Re: tag name state from David Carlisle on 2012-03-03 (public-xml-er@w3.org from March 2012)

From: David Carlisle <davidc@nag.co.uk>
Date: Sat, 03 Mar 2012 17:53:33 +0000
To: public-xml-er@w3.org
Message-ID: <4F525A9D.6060706@nag.co.uk>

On 03/03/2012 16:40, Noah Mendelsohn wrote:

> Still, it's not impossible that because of the advantages in the
> many cases where the output will correspond to well-formed XML, we
> may want to document text output for all cases. Specifically, and
> this is just a proposal for consideration:
>
> 1, When the input is well formed, we specify a 1-to-1 mapping
> (unless someone sees value in using c14n)

I'm not sure exactly what you men by 1-to-1 here as opposed to c14n.
I think that there is inevitably a certain amount of canonicalisation
implied when comparing two xml documents. encoding weirdness and
attribute order at least mean we can't insist that you get byte-for-byte
identical output given well formed document as input.

>
> 2. In the many cases where the fixed up output does correspond to
> well formed XML, we specify a mapping to a well formed XML stream

I really think that this should always be true and we define things so
(3.) below can't happen.

>
> 3. In the cases where the output does not correspond to a well
> formed stream, e.g. because we allow non-XML characters, we specify
> a mapping to a non-well formed stream, e.g. one in which the tags
> contain characters that XML considers illegal.

Despite the fact that there are obvious uses with DOM/CSS based stack I
do not think we should allow this.
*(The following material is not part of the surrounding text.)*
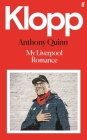 Klopp By Anthony Quinn Cover Image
If xml-er denotes error recovery then
really it should recover from errors and bad element names are just the
same category of WF error as missing end tags, if we recover from one we
should recover from both. In the first iteration of the spec we should
be aiming to limit (and preferably abolish) optional behaviours, so
since the xml stack requires well formed XML XML-ER should produce that,
even though some of the requirements implied by that are not needed for
DOM/CSS usage.

David

Received on Saturday, 3 March 2012 17:53:56 UTC